A carreira do diretor argentino Gustavo Taretto foi construída em cima de seus bons roteiros de curta-metragem, todos também dirigidos por ele. Medianeras, de 2005, foi o primeiro a ganhar uma versão em longa-metragem, em 2011, recebendo elogios de crítica e público, não tardando a ganhar ares de filme cult.
A primeira parte deste “roteiro” acontece também com Las Insoladas, um curta-metragem de 2002 que ganhou uma versão longa em 2014, e chegou na última semana em algumas salas de cinema no Brasil.
Trazendo de volta seu grande parceiro Leandro Martínez na direção de fotografia, Las Insoladas leva o espectador de volta a Argentina dos anos 1990. Na tela, seis amigas estão juntas no terraço de um prédio tomando sol na véspera do Ano Novo.
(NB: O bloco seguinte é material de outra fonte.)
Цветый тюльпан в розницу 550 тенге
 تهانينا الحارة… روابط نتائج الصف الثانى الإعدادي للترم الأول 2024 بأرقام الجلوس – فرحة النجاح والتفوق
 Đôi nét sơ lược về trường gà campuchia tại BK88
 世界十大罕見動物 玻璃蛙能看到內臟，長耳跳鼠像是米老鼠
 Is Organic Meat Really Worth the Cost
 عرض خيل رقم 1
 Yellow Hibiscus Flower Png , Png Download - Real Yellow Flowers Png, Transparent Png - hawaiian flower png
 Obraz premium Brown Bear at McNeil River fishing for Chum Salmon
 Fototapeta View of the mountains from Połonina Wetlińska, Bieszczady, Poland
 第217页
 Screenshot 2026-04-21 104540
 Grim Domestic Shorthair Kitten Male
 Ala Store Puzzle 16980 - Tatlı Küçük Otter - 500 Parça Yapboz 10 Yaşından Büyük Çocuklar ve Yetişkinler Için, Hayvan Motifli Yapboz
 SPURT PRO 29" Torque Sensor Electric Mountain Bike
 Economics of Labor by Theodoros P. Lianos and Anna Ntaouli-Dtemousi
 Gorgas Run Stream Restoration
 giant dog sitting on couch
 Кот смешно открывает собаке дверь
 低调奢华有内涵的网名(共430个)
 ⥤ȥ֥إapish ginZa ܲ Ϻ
Elas se conheceram na aula de dança e estão desfrutando de uma tarde de sol antes de participarem de uma competição de salsa. Elas compartilham seus sonhos e as consequentes frustrações pela não concretização destes, até o momento que uma delas têm uma epifania: precisam sonhar sonhos palpáveis.
Uma das garotas sugere uma viagem às praias cubanas, onde possam desfrutar verdadeiramente de um banho de sol. Decidem, então, fazer um pacto para economizarem dinheiro e viajarem no ano seguinte para Cuba. A partir deste argumento, toda a trama se desenvolve, abordando questões como amizade, companheirismo, preconceito e, de forma leve e nada panfletária, toda a crise econômica pela qual o país passa desde o final da era Menem e que teve ápice durante o governo de Fernando de la Rúa.
Elas compartilham seus sonhos e as consequentes frustrações pela não concretização destes, até o momento que uma delas têm uma epifania: precisam sonhar sonhos palpáveis.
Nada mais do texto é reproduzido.